Akil menjelaskan CSR bakal diperlakukan sebagai biaya. Dengan demikian, menurut Akil, perusahaan justru bisa memanfaatkannya untuk mengurangi pajak. CSR layaknya biaya gaji karyawan atau komponen ongkos lainnya. Biaya mengurangi laba bersih, walhasil menyunat pajak penghasilan. Artinya, para pengusaha gak perlu reaktif.

 

Akil menambahkan, kewajiban CSR ini tak diatur besarannya. Setiap perseroan bisa menyesuaikannya menurut tebalnya kantong. Kami tidak menentukan berapa besarnya. Sesuai asas kepatutan dan kewajaran.

 

Meski hanya wajib bagi perusahaan bidang SDA, tidak menutup kemungkinan perusahaan lain juga didorong mempraktekkannya juga. Misalnya perusahaan asuransi atau perbankan. Lebih bagus kalau mereka menerapkannya, ujar Akil.

 

Akil menegaskan, pengusaha tak perlu risau soal sanksi. Sanksi sesuai peraturan perundangan.

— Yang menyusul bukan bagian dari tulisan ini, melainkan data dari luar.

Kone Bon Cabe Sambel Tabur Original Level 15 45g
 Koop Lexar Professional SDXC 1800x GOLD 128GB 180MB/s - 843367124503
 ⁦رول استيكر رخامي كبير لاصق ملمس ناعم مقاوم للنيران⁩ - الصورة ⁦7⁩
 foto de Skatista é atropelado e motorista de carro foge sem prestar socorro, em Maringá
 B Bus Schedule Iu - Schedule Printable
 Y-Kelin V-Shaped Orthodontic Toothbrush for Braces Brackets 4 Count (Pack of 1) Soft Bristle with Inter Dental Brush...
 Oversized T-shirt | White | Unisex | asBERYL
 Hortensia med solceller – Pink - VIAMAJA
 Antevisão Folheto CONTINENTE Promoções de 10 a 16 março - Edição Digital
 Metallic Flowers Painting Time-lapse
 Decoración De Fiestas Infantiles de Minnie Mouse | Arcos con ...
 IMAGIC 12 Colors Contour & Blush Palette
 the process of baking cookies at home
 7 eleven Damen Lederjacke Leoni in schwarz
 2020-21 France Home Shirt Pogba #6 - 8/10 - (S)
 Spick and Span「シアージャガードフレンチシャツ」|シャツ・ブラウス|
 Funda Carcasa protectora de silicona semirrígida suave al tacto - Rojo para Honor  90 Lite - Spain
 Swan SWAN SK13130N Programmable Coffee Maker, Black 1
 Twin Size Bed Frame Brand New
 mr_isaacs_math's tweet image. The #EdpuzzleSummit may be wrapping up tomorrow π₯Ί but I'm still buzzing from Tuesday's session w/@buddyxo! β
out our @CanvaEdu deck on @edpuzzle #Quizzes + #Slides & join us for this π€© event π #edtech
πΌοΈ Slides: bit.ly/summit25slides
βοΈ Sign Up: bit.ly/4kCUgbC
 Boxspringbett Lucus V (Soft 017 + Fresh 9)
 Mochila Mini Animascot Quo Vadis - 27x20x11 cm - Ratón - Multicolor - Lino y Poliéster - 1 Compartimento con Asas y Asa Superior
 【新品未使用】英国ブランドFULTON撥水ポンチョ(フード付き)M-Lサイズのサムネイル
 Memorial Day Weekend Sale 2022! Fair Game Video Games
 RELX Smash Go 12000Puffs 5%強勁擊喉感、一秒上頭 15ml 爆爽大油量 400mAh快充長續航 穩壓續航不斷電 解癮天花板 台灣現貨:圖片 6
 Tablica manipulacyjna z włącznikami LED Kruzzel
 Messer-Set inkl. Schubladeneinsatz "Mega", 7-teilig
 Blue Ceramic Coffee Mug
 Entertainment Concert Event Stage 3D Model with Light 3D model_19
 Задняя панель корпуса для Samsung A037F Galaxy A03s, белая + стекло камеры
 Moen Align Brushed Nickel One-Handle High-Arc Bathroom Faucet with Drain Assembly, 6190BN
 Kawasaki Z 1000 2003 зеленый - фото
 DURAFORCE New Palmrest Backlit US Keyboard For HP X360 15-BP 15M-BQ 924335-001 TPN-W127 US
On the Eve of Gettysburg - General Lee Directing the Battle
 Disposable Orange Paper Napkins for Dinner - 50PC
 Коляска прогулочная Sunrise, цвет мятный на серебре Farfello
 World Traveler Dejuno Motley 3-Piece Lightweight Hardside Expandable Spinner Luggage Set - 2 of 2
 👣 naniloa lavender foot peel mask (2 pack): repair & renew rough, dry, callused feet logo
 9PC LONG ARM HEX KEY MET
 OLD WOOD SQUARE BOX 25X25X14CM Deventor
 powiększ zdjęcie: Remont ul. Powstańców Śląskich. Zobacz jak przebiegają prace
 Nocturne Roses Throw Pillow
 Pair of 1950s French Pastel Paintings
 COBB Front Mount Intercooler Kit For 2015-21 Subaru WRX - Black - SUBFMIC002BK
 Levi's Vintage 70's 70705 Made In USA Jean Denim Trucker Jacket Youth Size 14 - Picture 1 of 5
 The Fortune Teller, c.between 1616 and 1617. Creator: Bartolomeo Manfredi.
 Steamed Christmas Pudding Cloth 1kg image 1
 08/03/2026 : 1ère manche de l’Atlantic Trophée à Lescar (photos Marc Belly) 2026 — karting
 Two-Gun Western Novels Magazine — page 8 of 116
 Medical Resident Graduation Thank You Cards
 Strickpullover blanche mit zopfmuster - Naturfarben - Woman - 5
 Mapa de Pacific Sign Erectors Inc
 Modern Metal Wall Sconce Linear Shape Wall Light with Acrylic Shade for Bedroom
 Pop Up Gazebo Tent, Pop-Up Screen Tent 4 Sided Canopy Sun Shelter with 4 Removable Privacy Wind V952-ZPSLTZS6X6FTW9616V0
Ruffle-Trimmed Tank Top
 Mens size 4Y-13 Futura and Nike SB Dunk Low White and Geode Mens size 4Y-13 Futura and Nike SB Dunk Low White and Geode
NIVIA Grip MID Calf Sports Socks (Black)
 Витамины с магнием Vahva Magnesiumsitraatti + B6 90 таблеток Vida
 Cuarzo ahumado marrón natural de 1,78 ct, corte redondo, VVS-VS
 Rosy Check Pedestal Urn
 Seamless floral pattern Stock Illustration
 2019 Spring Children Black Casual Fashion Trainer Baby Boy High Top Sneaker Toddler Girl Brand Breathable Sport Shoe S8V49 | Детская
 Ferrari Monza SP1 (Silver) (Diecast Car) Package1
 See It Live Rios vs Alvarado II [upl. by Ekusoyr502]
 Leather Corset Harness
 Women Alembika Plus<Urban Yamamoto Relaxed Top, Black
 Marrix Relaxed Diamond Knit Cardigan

Sayangnya, Akil tak dapat merinci peraturan mana yang perlu dirujuk.

 

Akil membandingkannya dengan Undang-Undang Penanaman Modal (UU PM). UU PM malah mengandung sanksi yang lebih berat. Coba tengok Pasal 15 dan 34. Izin usaha si investor bisa dicabut kalau tidak melakukan CSR. Jadi, UU PT ini tak perlu disambut reaksi keras, ujar Akil yang juga duduk di Komisi III (Bidang Perundangan, Hukum dan HAM).